Aussi longtemps qu'il y a eu de l'art, l'argent n'était pas loin. Les Médicis, banquiers florentins, ont soutenu Sandro Botticelli, Fra Filippo Lippi et Michel-Ange ; Les pharaons égyptiens ont commandé des statues, des objets et des peintures murales pour leurs tombeaux ; Un nombre croissant de milliardaires asiatiques ont oeuvré à l'existence d'un marché de l'art sur leur continent. Malgré tout - bien que bon nombre des plus importants collectionneurs proviennent de l'industrie financière, que les œuvres d'art ne cessent d'enregistrer des records, et que les banques ouvrent grand leurs portes aux prêts sur oeuvres d'art - savoir qu'il existe un marché de l'art semble choquer le monde de l'art.

Jeffrey Deitch

Jeffrey Deitch

Nous allons nous intéresser à la manière dont Jeffrey Deitch, banquier à la Citibank, a rapproché les mondes de la finance et de l'art en créant un département entièrement dédié.

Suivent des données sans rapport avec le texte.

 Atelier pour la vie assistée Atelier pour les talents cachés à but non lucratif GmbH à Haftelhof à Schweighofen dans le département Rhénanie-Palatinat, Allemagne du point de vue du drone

Mon intérêt premier est l’art lui-même et être du côté de ceux qui aident à produire de l’art - Jeffrey Deitch

C'est à la Citibank que Deitch a mis cette idée en pratique. De 1979 à 1988, il a été le pionnier du conseil en gestion de patrimoine artistique et des prêts sur oeuvres d'art, qui font partie intégrante du marché de l'art. Plutôt que de nier qu'un marché existe, Deitch l'a étudié, l'a compris et l'a utilisé afin de faciliter le travail des artistes auquel il croyait, en encourageant les collectionneurs à connaitre et à entretenir des relations étroites avec ceux qu'ils aimaient.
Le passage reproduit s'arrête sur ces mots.